The day we went to Jewel Cave the weather was threatening rain, so it seemed like a good day to go under ground. Unfortunately, many other people visiting the Black Hills had the same idea. The only tour we could join was one which only went down an elevator and into one large room. And worse yet, we got caught in a hail storm on the trip back. We have had hail three times in the two weeks we have been here.
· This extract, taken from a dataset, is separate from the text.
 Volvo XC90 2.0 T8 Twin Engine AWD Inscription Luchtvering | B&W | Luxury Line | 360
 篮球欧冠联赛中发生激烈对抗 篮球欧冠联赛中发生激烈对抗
We secured a longer tour of Wind Cave, but neither of these caves have formations of the types you would see in Carlsbad or the Caverns of Sonora. In caves that have a lot of formations as ground water slowly seeps down and into the cave it picks up minerals and deposits those minerals in the cave as stalactites and stalagmites and other beautiful formations. Evidently, there aren’t enough minerals the the ground above these caves. Wind Cave does have some very unique formations called boxwork consisting of thin calcite fins looking like a honeycomb divider in a cardboard box. And we also saw an impressive flow stone formation.
After four caves in four months, we are about caved out now. It may have to be something pretty spectacular to get us back under the ground again. But we did see more buffalo and another prairie dog town. This little guy definitely wasn’t happy with me taking the picture. He was barking to the the other dogs, “where are my royalties for these pictures”.